Par rapport aux opportunités apportées par la création de nouveaux ateliers, ils s'interrogent. Ce n'est pas facile à mettre en place. Certes, il existe des possibilités. Mais selon Clément Charbonnel, « les productions fonctionnent pendant deux ans, mais ne s'installent pas dans la durée. Pour se projeter, ce n'est pas évident ». Et certaines cultures nécessitent incontestablement de la main- d’œuvre qui n'est pas facile à trouver...

Isabelle Brenguier

 

« Au bon vouloir des cédants »

Foncier /  La bonne conjoncture nucicole de ces dernières années a favorisé la pression foncière et une augmentation des tarifs des parcelles et de la valeur marchande des exploitations. 

Le sujet de la valeur des exploitations nucicoles est complexe, car ces dernières années, elles ont pris beaucoup de valeur. Entre les bâtiments, le matériel et le foncier, les montants sont devenus importants et nécessitent pour les repreneurs potentiels de lourds investissements. Ainsi, nombreuses sont les exploitations nucicoles à se transmettre de générations en générations.

« Même si ce n'est pas systématiquement le cas, qu'il arrive que des repreneurs soient des tiers, cela l'est souvent », précise Anne-Caroline Mermet, conseillère transmission à la Chambre d'agriculture de l'Isère, à l'occasion d'une rencontre sur le thème de la transmission des exploitations nucicoles à Vinay. Alexandre Escoffier, lui-même producteur de noix à Beaulieu, et élu à la chambre d'agriculture, le reconnaît : « Les exploitations nucicoles sont devenues peu accessibles aux jeunes qui ne font pas partie du milieu. En dehors des transmissions père-fils, les installations vont être compliquées ».

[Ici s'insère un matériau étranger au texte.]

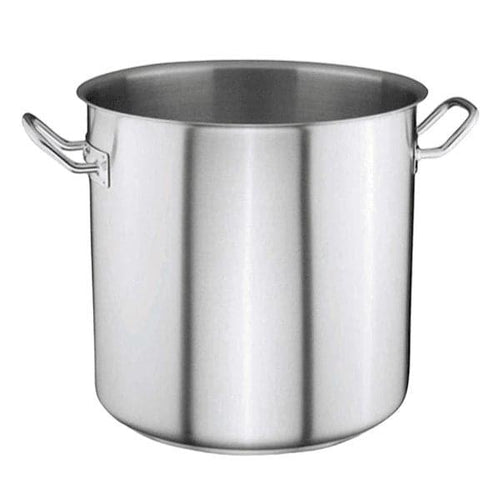 Chef360 USA 58099 Stainless Steel Stock Pot 40 cm, 47.5 Liters, Induction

Augmentation des tarifs des parcelles

« Quand il y a un hectare qui se libère, les candidats pour le reprendre sont nombreux et les enchères montent... », admet le responsable, qui ajoute : « Je pense que, de plus en plus, les reprises et transmissions se feront au bon vouloir des cédants, à savoir ce qu'ils priorisent entre une vente qui leur permet de compenser une faible retraite et l'opportunité d'installer un jeune ».

Pour autant, dans la salle, même si jeunes et moins jeunes regrettent la situation, personne ne la critique.

Contacté, Nicolas Agresti, directeur de la Safer de l'Isère, le reconnaît, les prix dans la vallée de l'Isère ont augmenté. Car, dans le cas où la vente est conclue entre le propriétaire de la parcelle et l'exploitant, la Safer n'a aucune capacité d'intervention, même si le prix est plus élevé que ce qu'il devrait être. Le problème est que ces acquisitions font évoluer le marché et finissent par faire référence.